[Collected data]
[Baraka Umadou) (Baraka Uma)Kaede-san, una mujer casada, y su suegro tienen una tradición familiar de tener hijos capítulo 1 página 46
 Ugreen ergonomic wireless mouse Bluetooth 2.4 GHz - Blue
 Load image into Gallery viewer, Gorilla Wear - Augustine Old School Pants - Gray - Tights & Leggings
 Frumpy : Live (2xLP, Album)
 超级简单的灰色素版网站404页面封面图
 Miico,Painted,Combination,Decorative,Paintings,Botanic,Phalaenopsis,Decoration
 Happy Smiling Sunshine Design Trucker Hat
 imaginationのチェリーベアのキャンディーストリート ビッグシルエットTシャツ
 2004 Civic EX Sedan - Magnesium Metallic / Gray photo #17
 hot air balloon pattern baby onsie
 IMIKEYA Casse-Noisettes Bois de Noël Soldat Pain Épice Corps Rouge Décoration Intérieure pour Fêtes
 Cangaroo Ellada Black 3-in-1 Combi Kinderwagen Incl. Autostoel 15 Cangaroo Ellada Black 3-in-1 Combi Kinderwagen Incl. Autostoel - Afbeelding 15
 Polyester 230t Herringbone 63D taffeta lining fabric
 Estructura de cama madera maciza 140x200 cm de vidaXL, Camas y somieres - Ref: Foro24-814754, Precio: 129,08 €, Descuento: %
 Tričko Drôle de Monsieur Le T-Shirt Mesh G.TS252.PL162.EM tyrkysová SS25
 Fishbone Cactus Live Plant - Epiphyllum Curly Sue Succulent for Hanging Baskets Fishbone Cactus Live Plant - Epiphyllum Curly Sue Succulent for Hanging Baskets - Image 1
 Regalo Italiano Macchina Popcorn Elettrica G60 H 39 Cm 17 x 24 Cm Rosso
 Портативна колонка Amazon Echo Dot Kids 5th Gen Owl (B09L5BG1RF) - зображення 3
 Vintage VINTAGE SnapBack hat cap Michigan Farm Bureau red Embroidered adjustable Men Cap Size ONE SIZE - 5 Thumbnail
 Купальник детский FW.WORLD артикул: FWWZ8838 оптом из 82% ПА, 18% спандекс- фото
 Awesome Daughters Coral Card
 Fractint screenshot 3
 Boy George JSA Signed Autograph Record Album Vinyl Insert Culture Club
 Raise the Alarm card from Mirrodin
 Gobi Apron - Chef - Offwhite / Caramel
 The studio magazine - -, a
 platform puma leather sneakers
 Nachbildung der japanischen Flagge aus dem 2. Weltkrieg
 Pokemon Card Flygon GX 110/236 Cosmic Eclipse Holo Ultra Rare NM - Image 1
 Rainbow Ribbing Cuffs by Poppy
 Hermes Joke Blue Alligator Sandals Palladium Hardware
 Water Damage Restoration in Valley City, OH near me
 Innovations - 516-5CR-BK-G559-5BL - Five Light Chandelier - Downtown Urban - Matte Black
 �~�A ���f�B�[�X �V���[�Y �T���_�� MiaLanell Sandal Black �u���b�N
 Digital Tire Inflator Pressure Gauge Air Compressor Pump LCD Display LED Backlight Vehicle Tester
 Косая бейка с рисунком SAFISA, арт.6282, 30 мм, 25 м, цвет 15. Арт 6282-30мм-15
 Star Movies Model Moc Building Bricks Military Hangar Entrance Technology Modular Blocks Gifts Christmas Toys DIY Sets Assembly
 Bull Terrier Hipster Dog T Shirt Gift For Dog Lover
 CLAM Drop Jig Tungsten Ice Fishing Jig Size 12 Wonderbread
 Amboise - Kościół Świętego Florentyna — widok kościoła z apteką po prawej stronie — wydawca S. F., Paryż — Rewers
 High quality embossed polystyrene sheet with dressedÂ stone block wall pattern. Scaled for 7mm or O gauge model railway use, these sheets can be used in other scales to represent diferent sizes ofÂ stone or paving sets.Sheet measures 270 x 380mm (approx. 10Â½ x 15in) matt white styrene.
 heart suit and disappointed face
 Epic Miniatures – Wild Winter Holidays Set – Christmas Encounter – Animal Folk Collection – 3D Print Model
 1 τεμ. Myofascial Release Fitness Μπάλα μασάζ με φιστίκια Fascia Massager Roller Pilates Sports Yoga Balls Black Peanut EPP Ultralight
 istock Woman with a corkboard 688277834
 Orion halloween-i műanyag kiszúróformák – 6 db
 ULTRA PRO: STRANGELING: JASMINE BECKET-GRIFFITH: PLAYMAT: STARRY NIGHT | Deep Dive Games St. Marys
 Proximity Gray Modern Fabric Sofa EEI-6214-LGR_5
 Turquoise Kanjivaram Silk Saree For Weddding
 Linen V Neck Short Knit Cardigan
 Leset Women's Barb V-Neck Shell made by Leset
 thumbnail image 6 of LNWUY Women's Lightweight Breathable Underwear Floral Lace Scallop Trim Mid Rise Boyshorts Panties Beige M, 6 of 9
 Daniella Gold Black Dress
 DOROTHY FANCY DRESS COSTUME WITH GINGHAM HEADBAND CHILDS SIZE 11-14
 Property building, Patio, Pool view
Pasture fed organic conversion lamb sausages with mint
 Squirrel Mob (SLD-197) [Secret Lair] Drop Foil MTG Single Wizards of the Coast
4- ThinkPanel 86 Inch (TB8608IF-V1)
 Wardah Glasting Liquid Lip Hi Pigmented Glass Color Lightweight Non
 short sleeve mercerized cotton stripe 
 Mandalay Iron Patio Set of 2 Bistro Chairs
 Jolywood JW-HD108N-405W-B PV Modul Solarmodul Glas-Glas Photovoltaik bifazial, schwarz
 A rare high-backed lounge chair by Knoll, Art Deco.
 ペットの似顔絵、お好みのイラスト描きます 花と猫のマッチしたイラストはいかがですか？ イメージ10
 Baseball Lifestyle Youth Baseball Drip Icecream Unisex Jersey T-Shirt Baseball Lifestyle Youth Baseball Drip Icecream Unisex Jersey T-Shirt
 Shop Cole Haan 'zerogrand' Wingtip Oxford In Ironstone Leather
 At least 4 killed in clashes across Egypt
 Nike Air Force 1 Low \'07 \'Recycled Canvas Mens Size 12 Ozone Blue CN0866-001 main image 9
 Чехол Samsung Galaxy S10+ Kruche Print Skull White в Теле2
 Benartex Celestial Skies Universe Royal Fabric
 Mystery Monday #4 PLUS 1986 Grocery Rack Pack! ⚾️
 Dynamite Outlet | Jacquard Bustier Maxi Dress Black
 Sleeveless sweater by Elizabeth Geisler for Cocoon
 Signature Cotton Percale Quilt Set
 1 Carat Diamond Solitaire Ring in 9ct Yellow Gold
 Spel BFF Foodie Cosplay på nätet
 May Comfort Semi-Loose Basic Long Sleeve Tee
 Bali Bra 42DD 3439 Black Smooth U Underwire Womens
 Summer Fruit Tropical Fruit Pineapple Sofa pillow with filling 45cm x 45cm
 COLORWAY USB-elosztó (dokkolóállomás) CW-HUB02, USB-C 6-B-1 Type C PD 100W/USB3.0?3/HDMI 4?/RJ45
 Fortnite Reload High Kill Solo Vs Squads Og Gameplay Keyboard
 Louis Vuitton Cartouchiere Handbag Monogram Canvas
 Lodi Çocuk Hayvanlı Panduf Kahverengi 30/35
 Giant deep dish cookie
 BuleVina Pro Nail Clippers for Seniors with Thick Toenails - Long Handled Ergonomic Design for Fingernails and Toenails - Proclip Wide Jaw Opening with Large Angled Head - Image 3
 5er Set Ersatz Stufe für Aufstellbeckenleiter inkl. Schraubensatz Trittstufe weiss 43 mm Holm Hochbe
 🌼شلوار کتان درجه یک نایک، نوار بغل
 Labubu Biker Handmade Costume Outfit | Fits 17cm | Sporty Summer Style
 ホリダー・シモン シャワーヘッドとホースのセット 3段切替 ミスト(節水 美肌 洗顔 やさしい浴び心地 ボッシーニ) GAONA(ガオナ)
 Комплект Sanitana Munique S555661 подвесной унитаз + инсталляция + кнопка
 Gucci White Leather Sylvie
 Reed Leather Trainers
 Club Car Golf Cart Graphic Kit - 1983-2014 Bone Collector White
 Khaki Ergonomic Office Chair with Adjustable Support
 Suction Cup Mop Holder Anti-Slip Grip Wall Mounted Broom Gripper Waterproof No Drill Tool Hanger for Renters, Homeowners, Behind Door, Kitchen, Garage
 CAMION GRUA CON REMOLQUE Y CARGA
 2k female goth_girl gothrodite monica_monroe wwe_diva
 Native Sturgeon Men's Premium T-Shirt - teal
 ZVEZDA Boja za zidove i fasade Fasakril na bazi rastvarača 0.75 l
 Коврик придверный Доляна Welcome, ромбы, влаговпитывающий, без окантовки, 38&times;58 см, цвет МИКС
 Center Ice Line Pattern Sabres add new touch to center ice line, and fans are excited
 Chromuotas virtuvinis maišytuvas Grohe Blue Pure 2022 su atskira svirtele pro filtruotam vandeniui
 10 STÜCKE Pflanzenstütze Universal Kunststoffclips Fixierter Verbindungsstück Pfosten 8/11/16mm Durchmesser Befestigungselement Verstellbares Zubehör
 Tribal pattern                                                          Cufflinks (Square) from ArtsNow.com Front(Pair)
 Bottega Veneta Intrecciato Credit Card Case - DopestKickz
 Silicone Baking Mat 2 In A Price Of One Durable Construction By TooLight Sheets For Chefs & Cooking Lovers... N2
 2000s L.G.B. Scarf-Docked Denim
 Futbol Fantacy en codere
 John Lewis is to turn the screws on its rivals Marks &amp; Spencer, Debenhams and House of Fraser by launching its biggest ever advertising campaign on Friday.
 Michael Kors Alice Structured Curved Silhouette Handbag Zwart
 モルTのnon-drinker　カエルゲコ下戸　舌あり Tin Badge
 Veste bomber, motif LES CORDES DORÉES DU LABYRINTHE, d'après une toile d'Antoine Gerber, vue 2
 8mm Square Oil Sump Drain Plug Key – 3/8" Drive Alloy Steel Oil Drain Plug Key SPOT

### [Work request]
In the data above, retype exactly and only the lines between the one holding "The studio magazine - -, a" and the one holding "CLAM Drop Jig", inclusive.

### [Your response]
 The studio magazine - -, a
 platform puma leather sneakers
 Nachbildung der japanischen Flagge aus dem 2. Weltkrieg
 Pokemon Card Flygon GX 110/236 Cosmic Eclipse Holo Ultra Rare NM - Image 1
 Rainbow Ribbing Cuffs by Poppy
 Hermes Joke Blue Alligator Sandals Palladium Hardware
 Water Damage Restoration in Valley City, OH near me
 Innovations - 516-5CR-BK-G559-5BL - Five Light Chandelier - Downtown Urban - Matte Black
 �~�A ���f�B�[�X �V���[�Y �T���_�� MiaLanell Sandal Black �u���b�N
 Digital Tire Inflator Pressure Gauge Air Compressor Pump LCD Display LED Backlight Vehicle Tester
 Косая бейка с рисунком SAFISA, арт.6282, 30 мм, 25 м, цвет 15. Арт 6282-30мм-15
 Star Movies Model Moc Building Bricks Military Hangar Entrance Technology Modular Blocks Gifts Christmas Toys DIY Sets Assembly
 Bull Terrier Hipster Dog T Shirt Gift For Dog Lover
 CLAM Drop Jig Tungsten Ice Fishing Jig Size 12 Wonderbread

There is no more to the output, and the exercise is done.